DRAFT
Working build

TacMed Sim

Field toolkit to set up and run a first simulation that smoke-tests your aid station. It shows you where your kit, your people, your space and your training fall short, in good time before a HALO event arrives.
Start with a likely case. The first simulation in a new environment should be something this population would realistically produce. Running it puts the whole system under gentle load: the team, the kit, the space, the reach-back and the evacuation chain. That is usually enough to show you where the holes are. Walter Eppich's point is that a team handed its worst imaginable scenario before it trusts the process takes away the wrong lesson, so the early cases stay ordinary and the difficulty rises only once the basics hold. The high-acuity, low-occurrence (HALO) event comes later.

What this toolkit does

You have deployed into a clinic, an aid station, a ship's hospital, an expedition camp or a forward facility, and before you rely on it you want to know it works.

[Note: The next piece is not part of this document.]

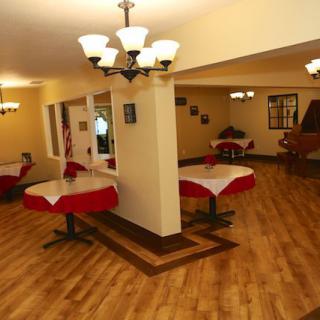 A cozy restaurant dining area with neatly arranged tables and warm lighting.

This site gives you what you need to run that first smoke-test simulation and to turn what it shows you into a plan you can act on.

1Profile
Who are you covering, for how long, how far from definitive care, what evacuation exists.
2Pick the likely case
Choose the scenario from your population's demand model, not the catastrophe.
3Run the smoke-test
Set the scene with simple props, brief the team, run it, watch the system.
4Analyse the gaps
Kit, personnel, facility footprint, training, comms and evacuation.
5Act
Label each finding: Add, Consolidate, Reduce, Keep, Re-organise.
6Escalate
Raise fidelity toward the HALO event once the ordinary case runs clean.

The tools

What good looks like. By the end you should be able to say that the right kit is present and quick to find, that the people and the space work, and that reach-back and evacuation function. Anywhere that falls short, you will have written it down and given it an owner.